(Note: We have revised this article to correct for the mistake that we compared reported earnings adjusted for employee stock options (ESOs) with a consensus number that did not. As a result, we had Zynga post an earnings miss in the quarter, though an apples-to-apples comparison would have shown a positive surprise. Our typical practice is to account for ESOs as a regular operating expense.)
Zynga Inc. (ZNGA) reported adjusted earnings of 6 cents per share (excluding stock-based compensation expense), coming ahead of the Zacks Consensus earnings estimate of 5 cents.
Earnings (excluding stock-based compensation) declined 45.5% year over year to 6 cents per share in the reported quarter. The decline was primarily due to higher operating expenses, which fully offset a healthy growth in the top line during the quarter.
Quarter Details
Revenue increased 32.1% year over year to $321.0 million, primarily driven by strong growth in advertising and online gaming revenue. Advertising (8.8% of the total revenue) soared 117% year over year to $28.2 million, while online game (91.2% of the total revenue) shot up 27.4% from the year-ago quarter to $292.8 million. Zynga’s reported revenue was slightly ahead of the Zacks Consensus Estimate of $318.0 million.
Bookings increased 15.0% year over year to $329.2 million in the reported quarter. Daily Active Users (DAU), Monthly Active Users (MAU) and Average daily bookings per average DAU (ABPU) increased 6.0%, 24.0% and 8.0% respectively on a year-over-year basis. Zynga launched 6 games during the first quarter. As of March 31, 2012, Zynga had the eight most-played games on Facebook.

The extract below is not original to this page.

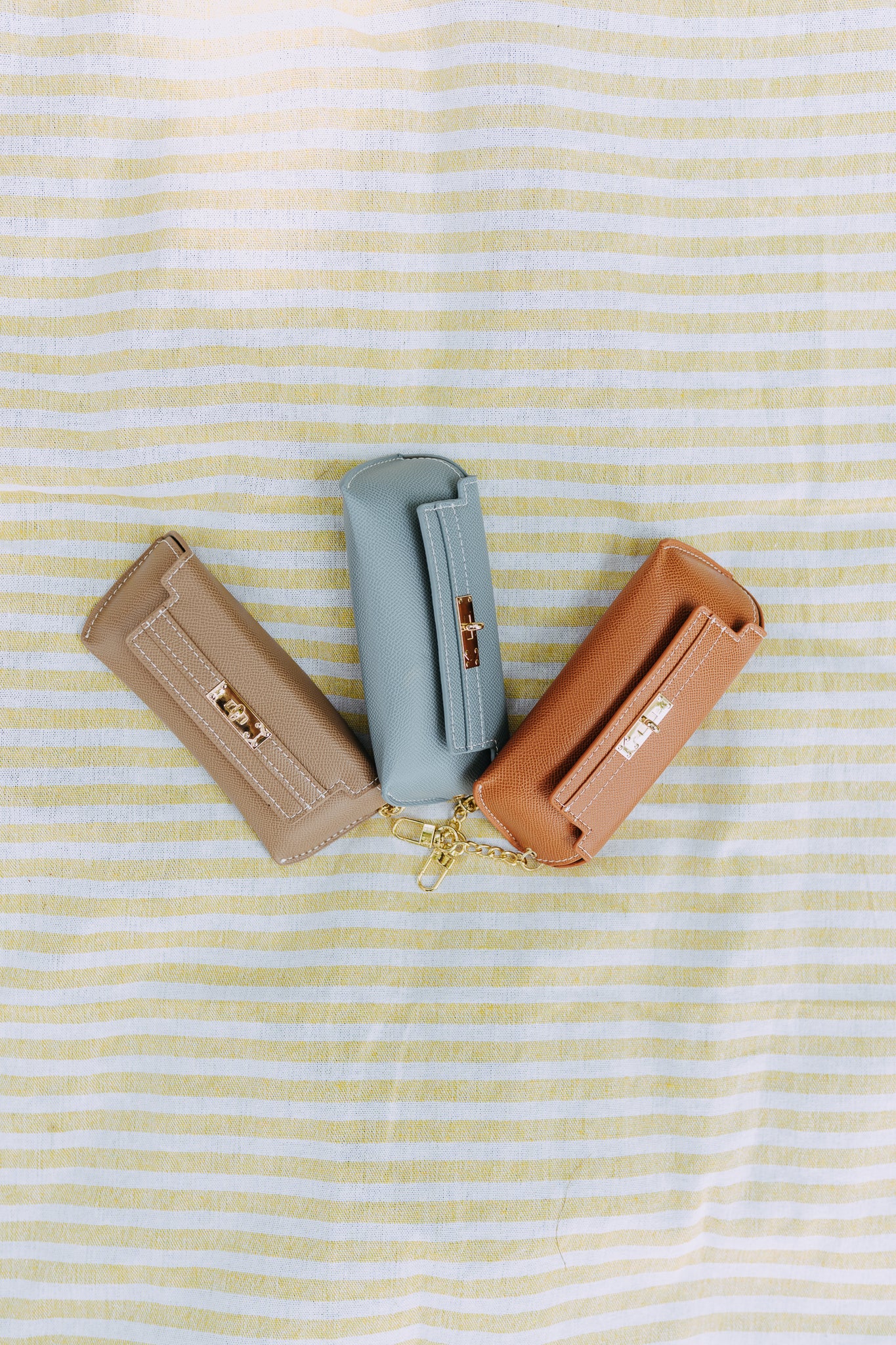 SUNGLASS CASE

However, operating expenses surged 96.7% year over year to $406.6 million. This was primarily driven by a higher research & development expense (up 160.4%) and general & administrative expense (up 168.2%). Adjusted EBITDA decreased 22.7% year over year to $86.8 million in the quarter, primarily due to higher operating expense.

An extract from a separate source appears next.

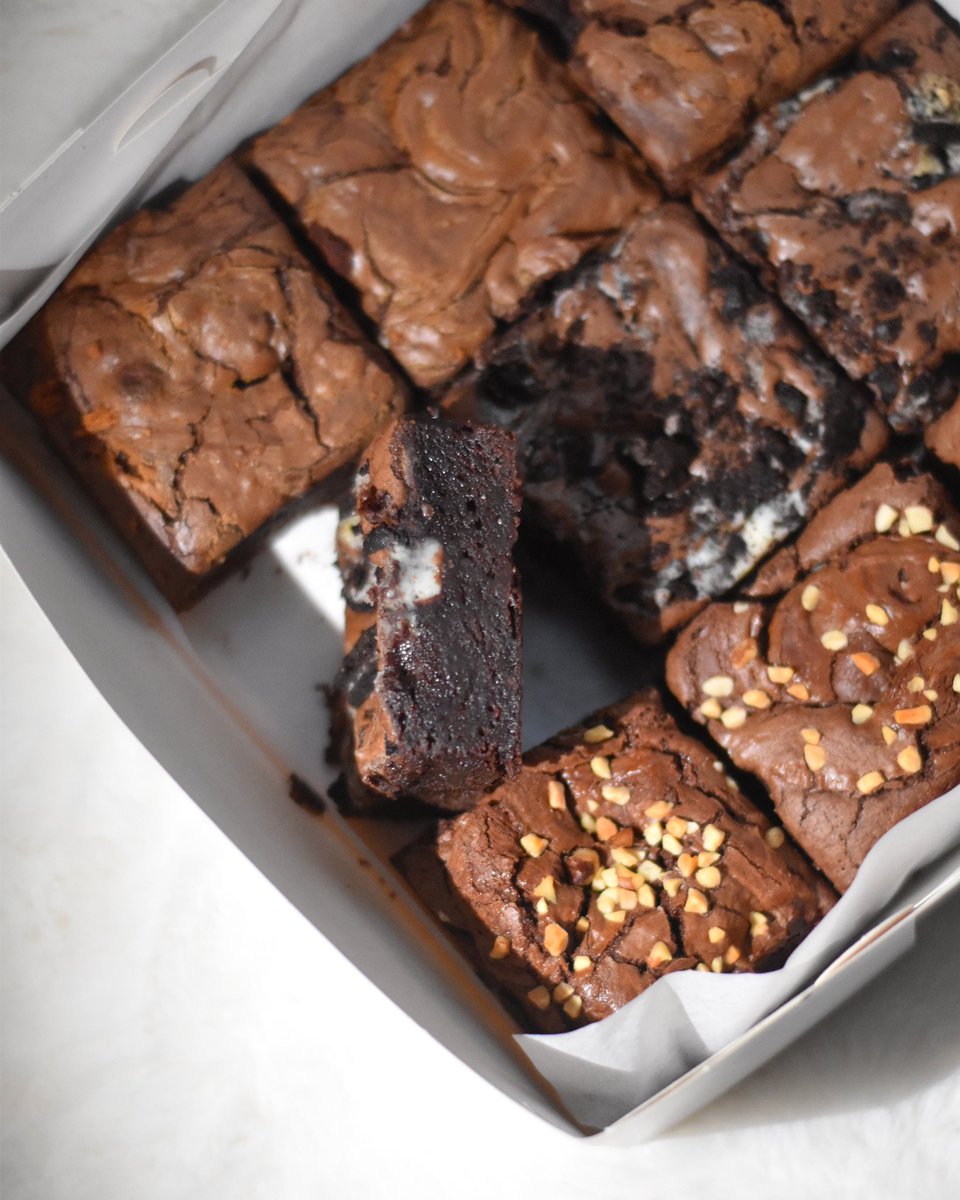 Bakedbysk's tweet photo. brownies #HowILikeMine https://t.co/pP6Lftz1yh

At the end of March 31, 2012, Zynga had cash and cash equivalents (including marketable securities) of $1.06 billion compared with $1.92 billion in the prior quarter. Zynga generated cash flow from operating activities of $78.8 million versus $164.0 million in the prior quarter. Fee cash flow was $43.8 million as against $53.4 million in the prior quarter. The company’s balance sheet remained debt free at the end of the quarter.
Outlook
For full year 2012, Zynga expects earnings in the range of 23 cents to 29 cents (prior guidance was 24 cents to 28 cents) per share. Stock-based compensation expense is projected in the range of $420 million to $445 million for the year. Currently, the Zacks Consensus Estimate stands at 27 cents.
Bookings are projected in the range of $1.425 billion to $1.5 billion (prior guidance was $1.35 billion to $1.45 billion). Adjusted EBITDA is estimated in the range of $400.0 million to $450.0 million (earlier guidance was $390 million to $440 million) for the full year. Capital expenditures are anticipated in the range of $390.0 million to $410.0 million (up from $140 million to $160 million) for fiscal 2012.
Our Take
We believe that the company is well positioned to grow in the near term based on its solid bookings, innovative product pipeline and its dominant position in the social and mobile gaming sector. Moreover, the upcoming IPO of Facebook also bodes well for Zynga. Much of Zynga’s success is attributed to the huge popularity of Facebook, which contributes a major portion of Zynga’s gross revenues.
We believe that the acquisition of OMGPOP (March 2012) will not only expand Zynga’s mobile gaming portfolio, but will also lower its dependency on Facebook. We also believe that the acquisition will boost Zynga’s competitive edge over Electronic Arts Inc. (EA), its closest rival in the mobile gaming market.
However, higher spending on research & development, technology and game development are expected to hurt profitability going forward. Further, Zynga’s low paid user base, over dependence on Facebook and significant cannibalization effect on its earlier games, as users quickly move on to the newest title in the “Ville” series may hurt its growth going forward. We also note that barriers to entry are low in the social gaming market, and this will attract new entrants, thereby further increasing competition for Zynga over the long term.
Thus, we remain Neutral over the long term (6-12 months). Currently, Zynga has a Zacks #3 Rank, which implies a Hold rating over the short term (1-3 months).
(We are reissuing this article to correct a mistake. The original article, issued earlier today, April 27, 2012, should no longer be relied upon.)